Researchers created Tom & Jerry episode using AI
Tom & Jerry is maybe the most well-known cartoon in the world. The iconic cat-and-mouse duo has now officially entered the world of AI.
A team of researchers from NVIDIA, Stanford, UC Berkeley, UCSD, and UT Austin revealed a new AI project where they used Test-Time Training to generate a complete 1-minute video.
In the AI-generated video, Tom arrives at an office, takes the elevator, and gets to work at his desk. Then Jerry strikes, chewing a wire and kicking off a classic cat-and-mouse chase.
Today, we're releasing a new paper – One-Minute Video Generation with Test-Time Training.

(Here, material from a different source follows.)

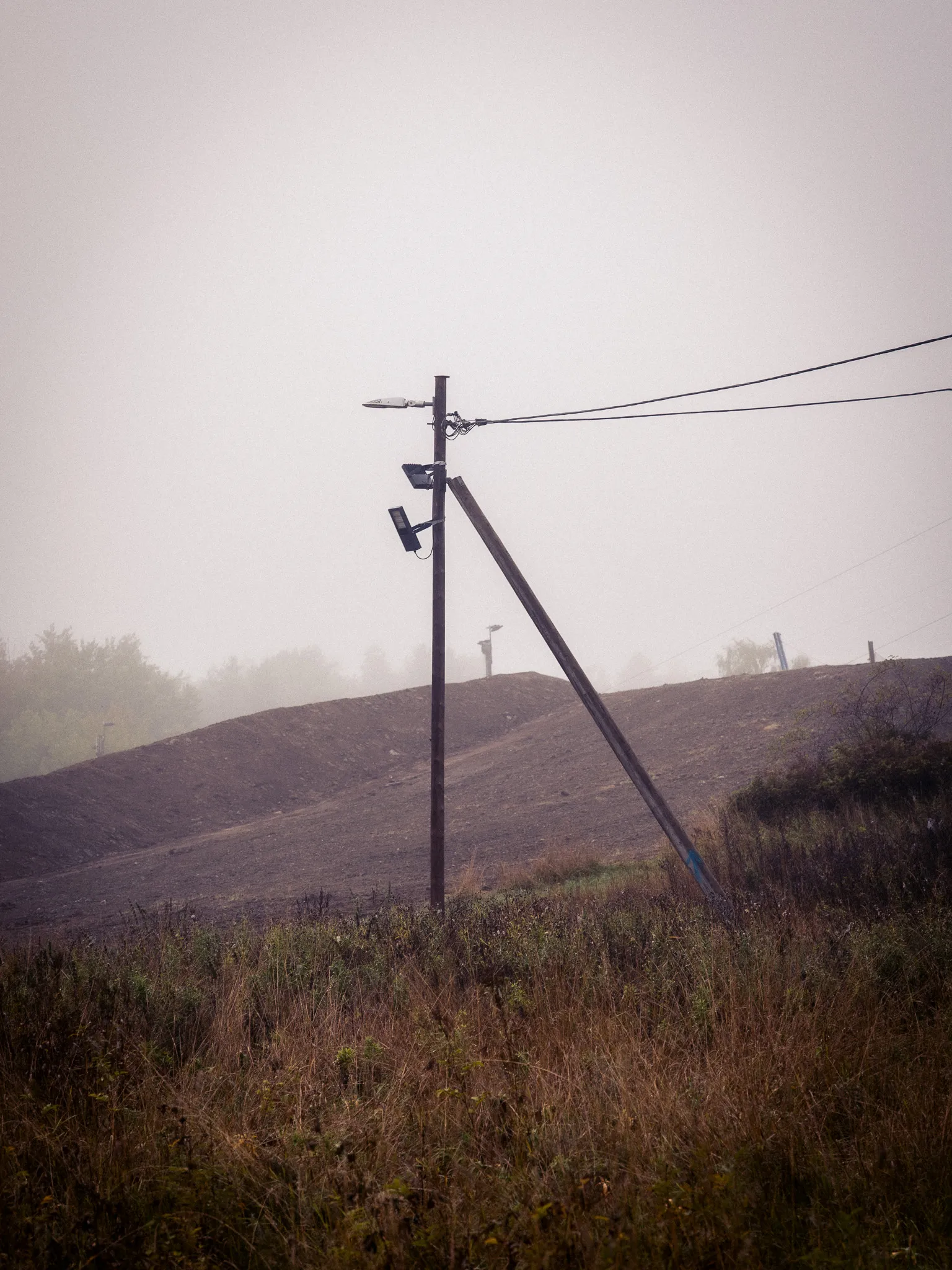 Leaning utility pole with a street lamp in the fog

— Karan Dalal (@karansdalal) April 7, 2025
We add TTT layers to a pre-trained Transformer and fine-tune it to generate one-minute Tom and Jerry cartoons with strong temporal consistency.

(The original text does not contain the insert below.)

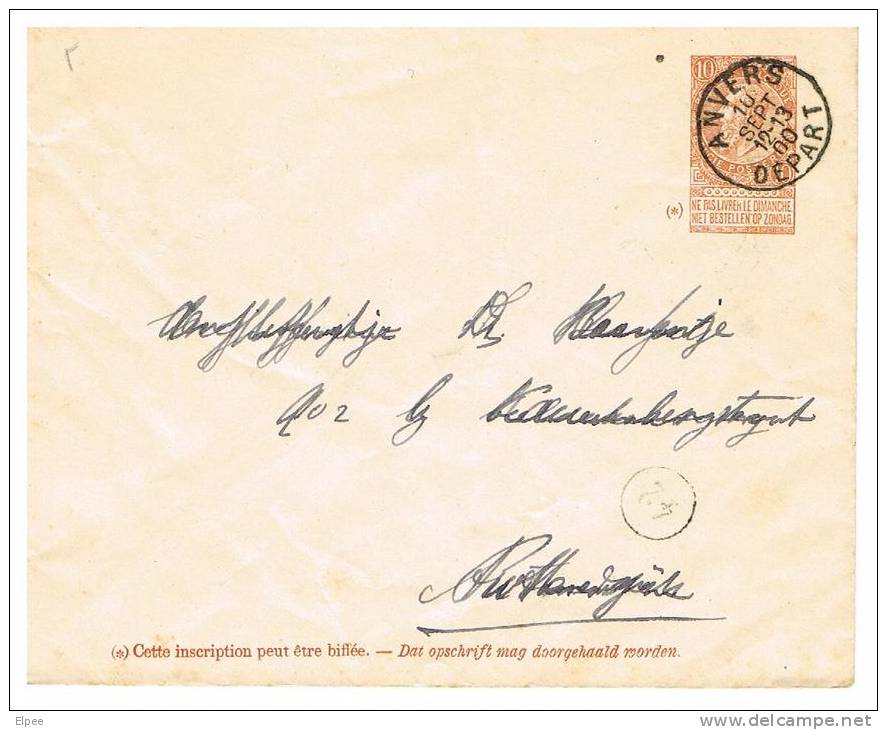 Enveloppe 5 Oblitérée Anvers Départ - Briefe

Every video below is produced directly by… pic.twitter.com/Bh2impMBWA
Normally, making long AI videos is super tricky. Most AI models today can barely manage a 10 to 20-second clip before losing track of the story. That’s because traditional AI video generators struggle when they have to remember lots of stuff over time. Imagine trying to remember hundreds of thousands of details at once; it becomes incredibly slow and unwieldy.
What’s this new AI video generation method?
This is solved here by Test-Time Training (TTT) layers. In simple terms, TTT layers are a special kind of model component that updates its “memory” even when it is being used to generate output (or “tested” on new data). These new layers basically let the AI learn and adapt while it’s generating the video.
The researchers tried the new layers with a cartoon like Tom & Jerry for a specific reason. This animated series is known for fast-paced action and quick scene changes.
They assembled a dataset of about 7 hours of these cartoons and broke each episode down into detailed 3-second segments. Human annotators wrote rich descriptions for these segments, providing everything from the background setting to the characters’ actions and even camera movements.
People compared this new system with older methods like Mamba & DeltaNet, and got a great response.
The AI episode followed the story better with smoother movements.
The researchers enhanced CogVideo-X, a pre-trained model with 5 billion parameters initially limited to 3-second clips, by adding TTT layers. Through gradual training, they extended its capabilities to generate videos lasting 9, 18, 30, and eventually 63 seconds.\
Despite the progress, the model still faces challenges, such as objects morphing between segments or showing sudden lighting shifts.
The researchers explained that their current experiments are restricted to one-minute videos because of computational limits. However, the method is theoretically capable of scaling to longer videos and more intricate storylines, with the potential to transform the animation and video production industries.
What is the public’s reaction?
The AI-generated Tom and Jerry video has sparked a spectrum of reactions online. Some viewers are amazed by the new technology’s ability to create a one-minute animated episode from a simple text prompt.
However, some viewers have expressed concerns about the animation’s quality, describing it as “soulless” and noting various errors.
There are also apprehensions regarding the potential impact on human animators, with fears that such technology might overshadow traditional artistic efforts.
Takeaways
The researchers believe that with more improvements, we could see even longer AI-generated cartoons, better storylines, and more detailed animations. You can read the research paper here. Note that the current system is a proof-of-concept focused on one-minute videos.